▶ **WHAT IS NEEDED**
Repeat the listing exactly as given, omitting every image.

▶ **DATA**
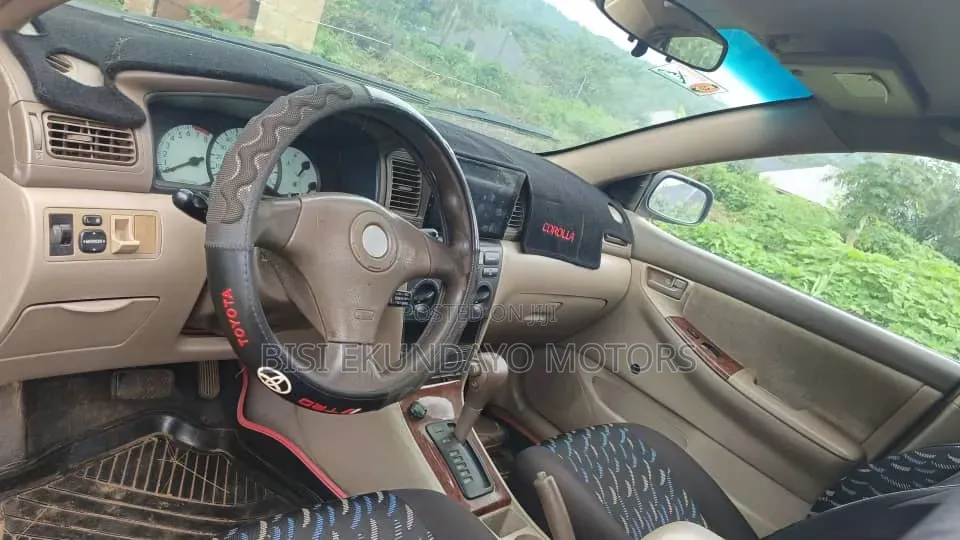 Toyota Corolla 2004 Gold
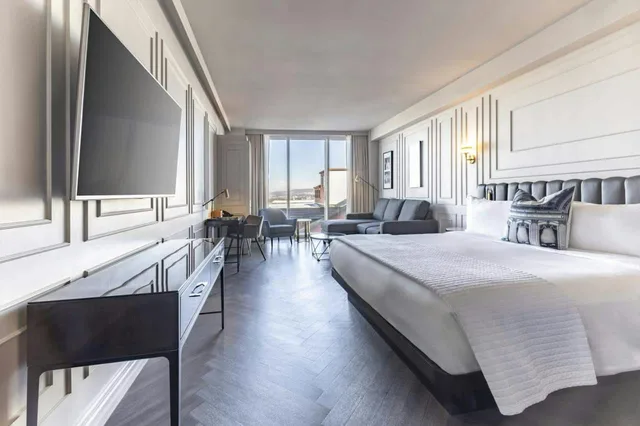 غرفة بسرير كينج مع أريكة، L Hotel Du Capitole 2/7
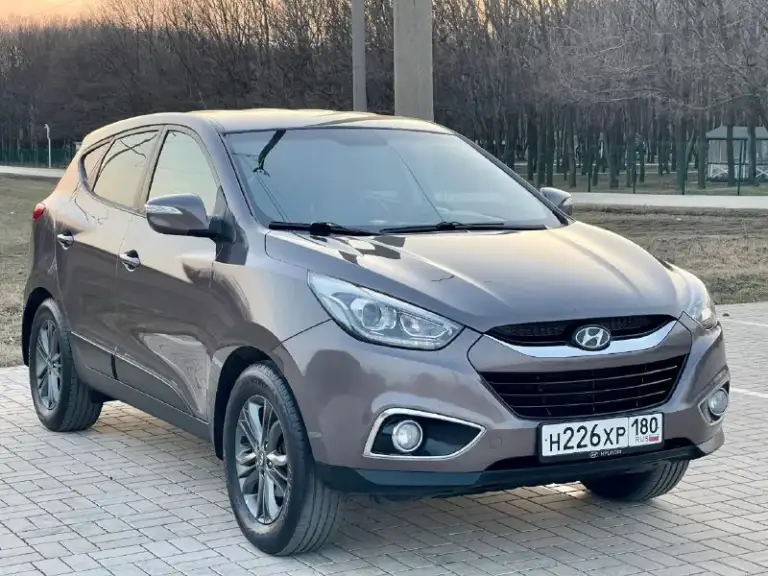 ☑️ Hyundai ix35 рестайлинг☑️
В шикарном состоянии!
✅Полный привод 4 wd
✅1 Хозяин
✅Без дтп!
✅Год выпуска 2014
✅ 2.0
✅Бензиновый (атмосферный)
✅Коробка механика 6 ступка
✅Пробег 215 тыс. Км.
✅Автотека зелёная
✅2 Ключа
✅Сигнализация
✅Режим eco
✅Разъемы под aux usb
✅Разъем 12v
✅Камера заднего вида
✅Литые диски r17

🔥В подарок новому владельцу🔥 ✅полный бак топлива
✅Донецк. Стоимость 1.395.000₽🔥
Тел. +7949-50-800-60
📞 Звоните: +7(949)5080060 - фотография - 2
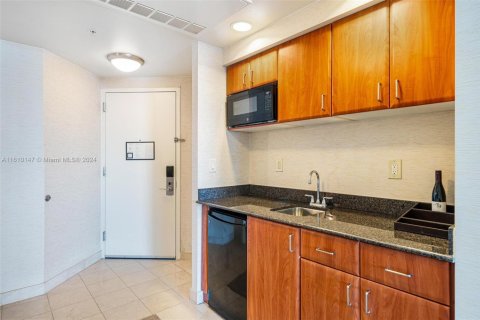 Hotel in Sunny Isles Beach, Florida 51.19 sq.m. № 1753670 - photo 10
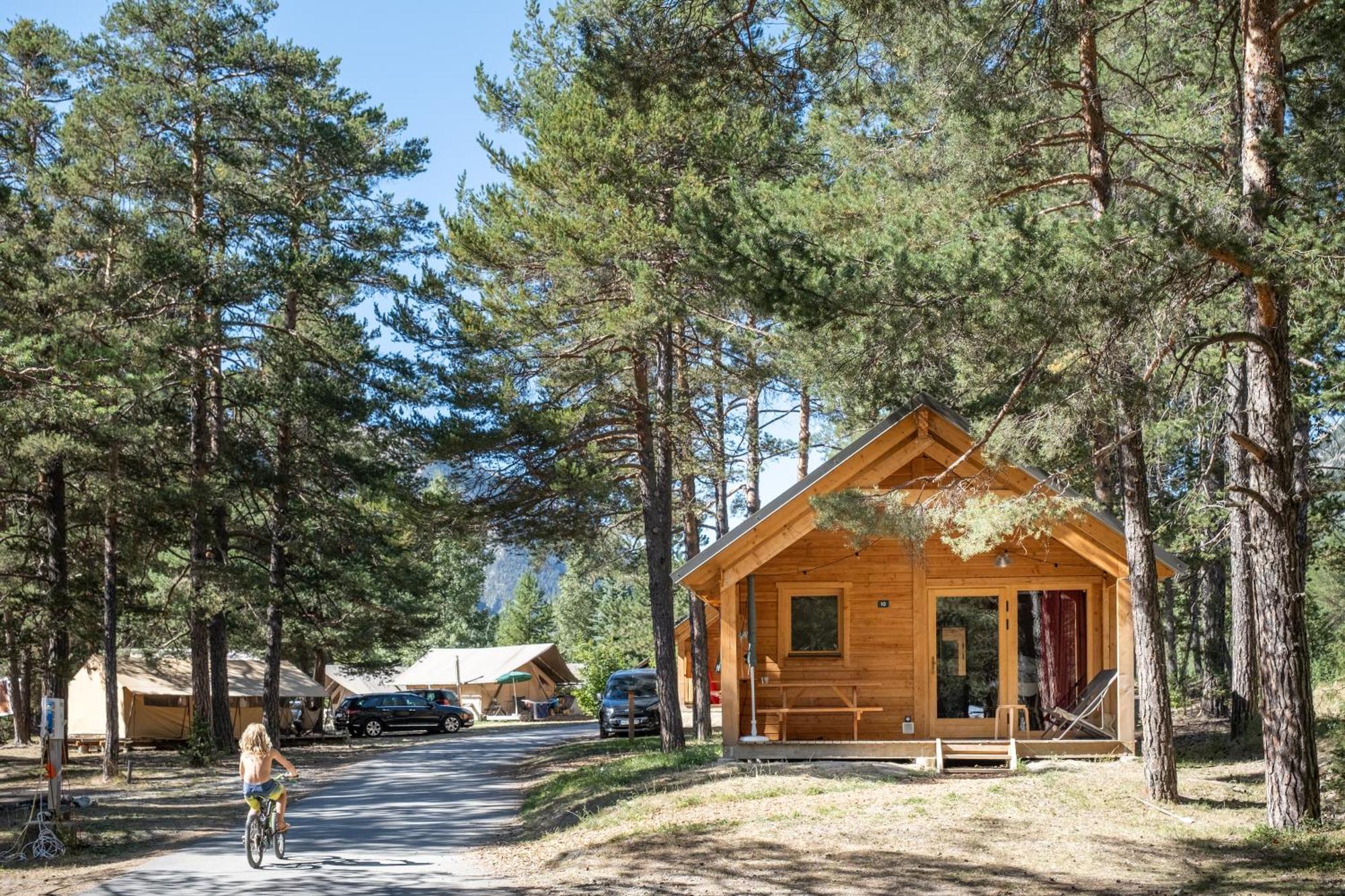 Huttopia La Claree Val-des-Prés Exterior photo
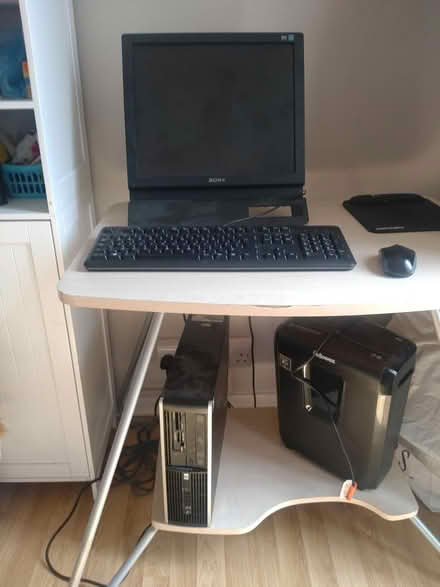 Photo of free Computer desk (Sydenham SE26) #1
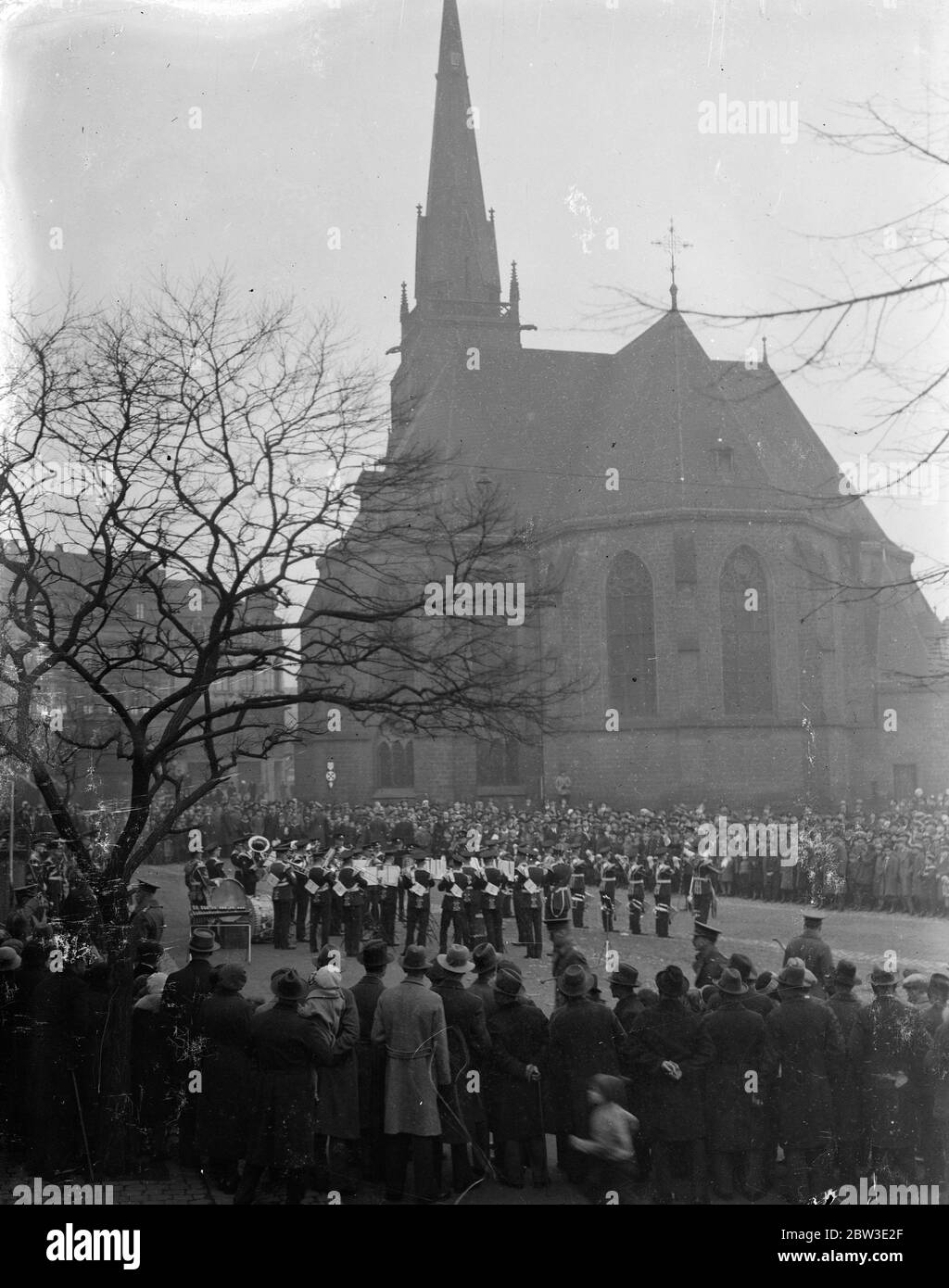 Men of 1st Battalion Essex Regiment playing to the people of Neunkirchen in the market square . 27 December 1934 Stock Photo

▶ **RESPONSE TO THIS EXERCISE**
 Toyota Corolla 2004 Gold
 غرفة بسرير كينج مع أريكة، L Hotel Du Capitole 2/7
 ☑️ Hyundai ix35 рестайлинг☑️
В шикарном состоянии!
✅Полный привод 4 wd
✅1 Хозяин
✅Без дтп!
✅Год выпуска 2014
✅ 2.0
✅Бензиновый (атмосферный)
✅Коробка механика 6 ступка
✅Пробег 215 тыс. Км.
✅Автотека зелёная
✅2 Ключа
✅Сигнализация
✅Режим eco
✅Разъемы под aux usb
✅Разъем 12v
✅Камера заднего вида
✅Литые диски r17

🔥В подарок новому владельцу🔥 ✅полный бак топлива
✅Донецк. Стоимость 1.395.000₽🔥
Тел. +7949-50-800-60
📞 Звоните: +7(949)5080060 - фотография - 2
 Hotel in Sunny Isles Beach, Florida 51.19 sq.m. № 1753670 - photo 10
 Huttopia La Claree Val-des-Prés Exterior photo
 Photo of free Computer desk (Sydenham SE26) #1
 Men of 1st Battalion Essex Regiment playing to the people of Neunkirchen in the market square . 27 December 1934 Stock Photo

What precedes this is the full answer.